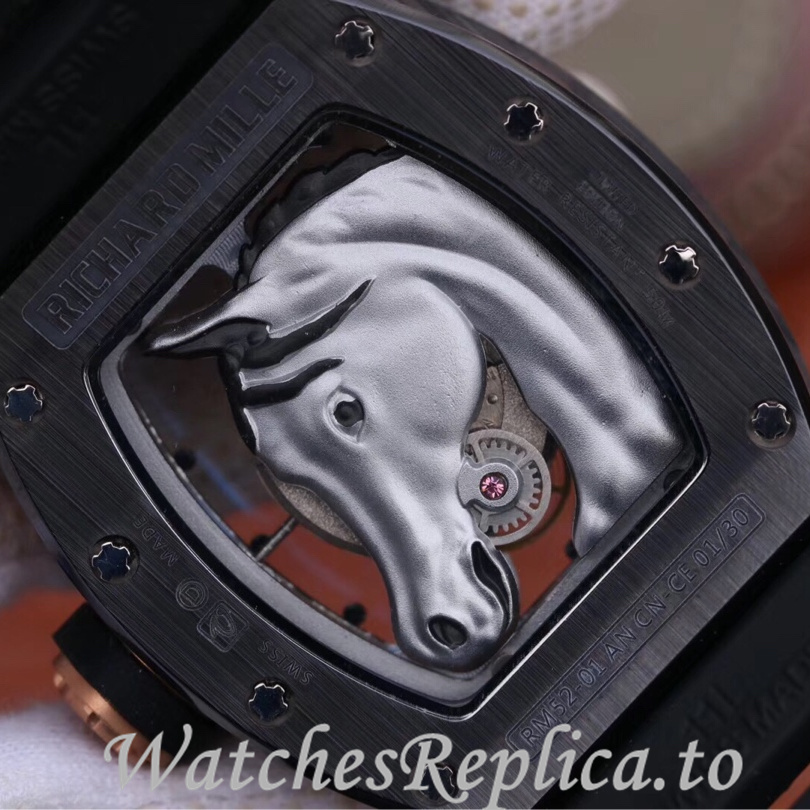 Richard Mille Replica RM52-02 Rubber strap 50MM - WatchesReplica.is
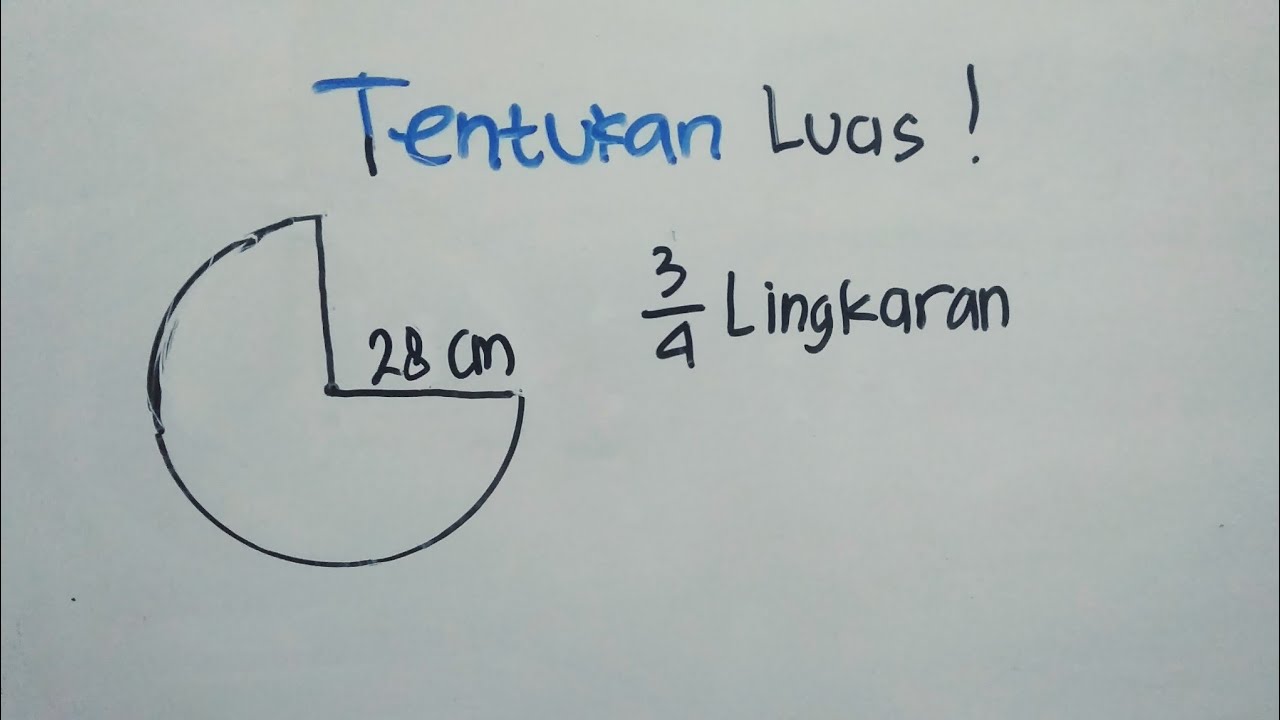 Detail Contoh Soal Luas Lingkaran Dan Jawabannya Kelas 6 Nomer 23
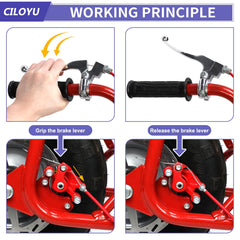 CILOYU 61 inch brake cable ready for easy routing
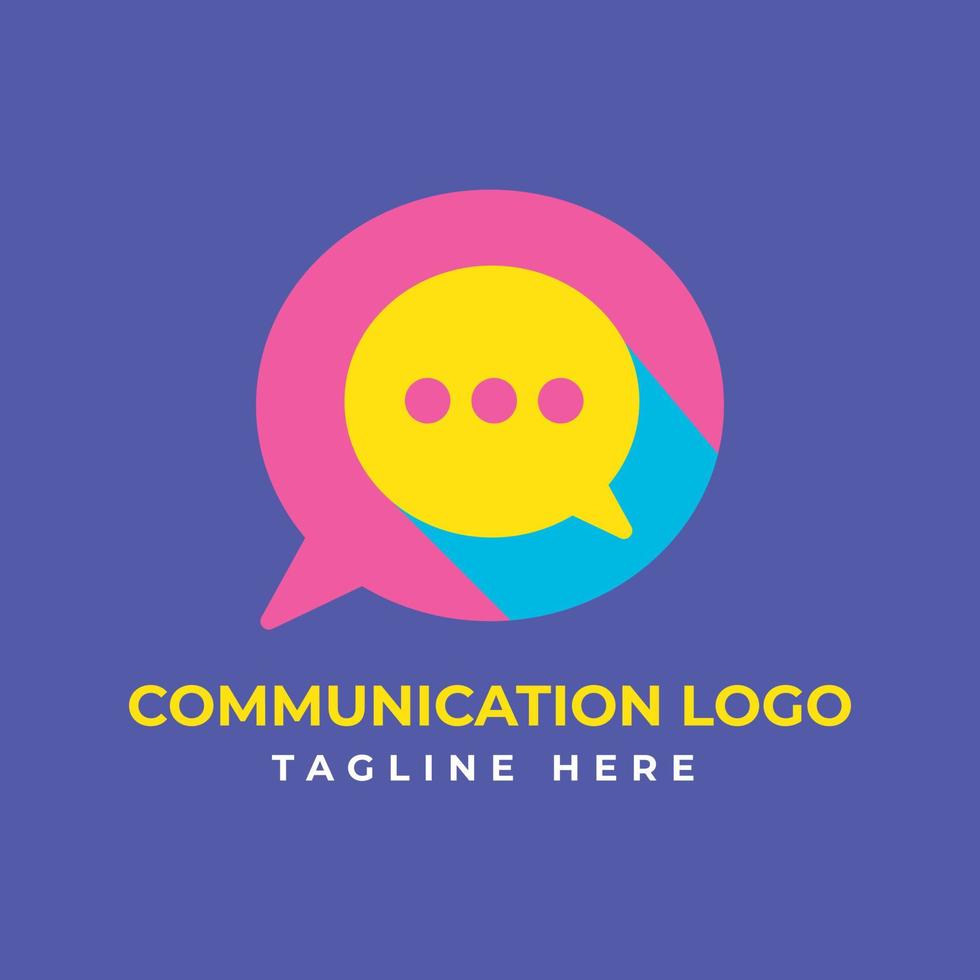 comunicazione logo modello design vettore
■ ■ ■
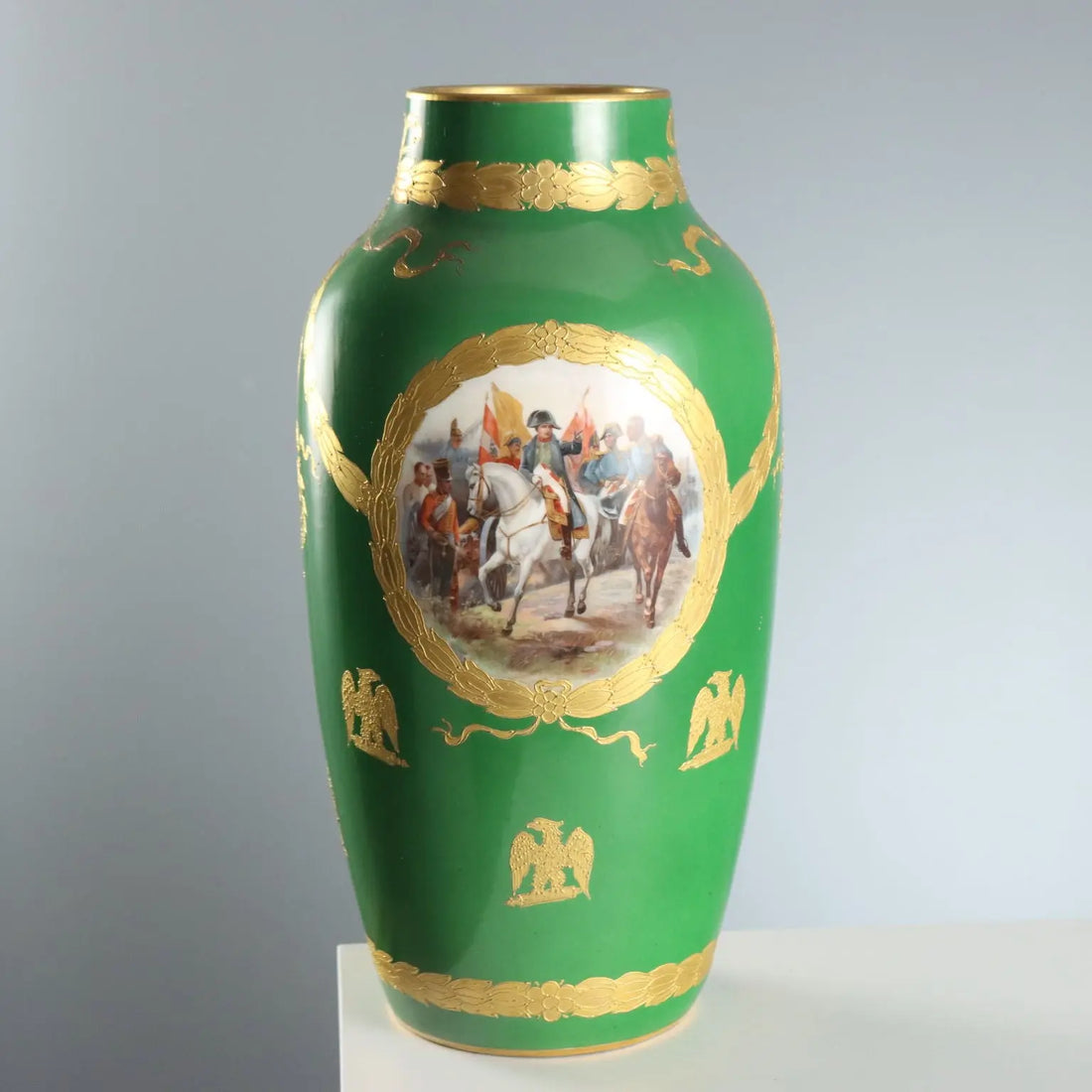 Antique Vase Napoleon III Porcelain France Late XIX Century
■ ■ ■
## [PROBLEM]
Print nothing but the lines above starting with the line that contains "Detail Contoh Soal" and going on through the line that contains "comunicazione logo modello design vettore". Leave out the pictures.

## [TASK SOLUTION]
 Detail Contoh Soal Luas Lingkaran Dan Jawabannya Kelas 6 Nomer 23
 CILOYU 61 inch brake cable ready for easy routing
 comunicazione logo modello design vettore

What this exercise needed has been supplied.